Running out of gas

As we all know, Ireland is currently paying the price for the inability of its political and corporate leaders to take seriously the warning signs of an economy where property investment and borrowing generally got out of control. Looking at policy and commercial investment plans for energy supply and distribution, Richard Douthwaite asks, are the decision makers showing an alarmingly similar attitude to evident gas supply threats?
As we all know, Ireland is currently paying the price for the inability of its political and corporate leaders to take seriously the warning signs of an economy where property investment and borrowing generally got out of control. Looking at policy and commercial investment plans for energy supply and distribution, Richard Douthwaite asks, are the decision makers showing an alarmingly similar attitude to evident gas supply threats?


There is a significant chance that Ireland's gas supply from Britain will be cut off this winter and, if the disruption lasts more than a few hours, that electricity blackouts will occur and homes will be left without heat. This risk will only be eased in 2010 when Corrib gas starts coming ashore.

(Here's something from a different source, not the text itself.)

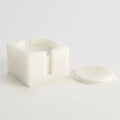 GLOBAL VIEWS S/8 ALABASTER COASTERS W/HOLDER - Decorative Accents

Gas supplies 27 per cent of Ireland's total energy demand and is burned to provide almost two-thirds of its electricity. As the gas fields off the coast of Cork are practically exhausted, almost all this gas comes from Britain. Two pipelines are used, both from the same terminal in Scotland at Moffat, which also supplies the gas used in Northern Ireland along another pipe. Consequently, if a problem develops at Moffat, or in the two pipelines that supply it, the whole of Ireland could lose almost all its gas supply for several months – depending, of course, on how bad the problem was.

Such problems do happen. In March this year, there was an explosion at Shell's main gas pumping station at Bacton in Norfolk, which handles a third of the British supply. Fortunately, only half the station was affected but gas prices shot up. Moreover, problems can take a long time to remedy. The oil pipeline terminal which blew up at Buncefield in Hertfordshire in 2005 has still not re-opened.

Another worry is that Britain is becoming increasingly dependent on importing gas itself as its North Sea reserves are depleted. In 2003 imported gas was used to meet just 2 per cent of British demand, but imports are expected to contribute almost 40 per cent this year and 80 per cent by 2018. This makes it a much less reliable supplier.

While Britain has a gas pipeline connecting it with Belgium and another to Holland, and two to bring in gas from the Norwegian North Sea, plus two Liquid Natural Gas (LNG) terminals where gas can arrive by tanker, it has an inadequate diversity of supply options to ensure it can get all the gas that it – and Ireland – needs. This is because both the Belgian and the Dutch pipeline bring in gas from the same main source – Russia – which has already demonstrated its willingness to use gas as a political weapon by turning it off.

Russia has about a third of the world's known gas reserves and is trying to set up a global gas cartel modelled on OPEC. In July it effectively took over Turkmenistan reserves by signing an agreement to buy all that country's gas for the next 20 years at a price based on whatever is the average of the wholesale gas price in Europe and in the Ukraine. This will double the price that Turkmenistan receives next year.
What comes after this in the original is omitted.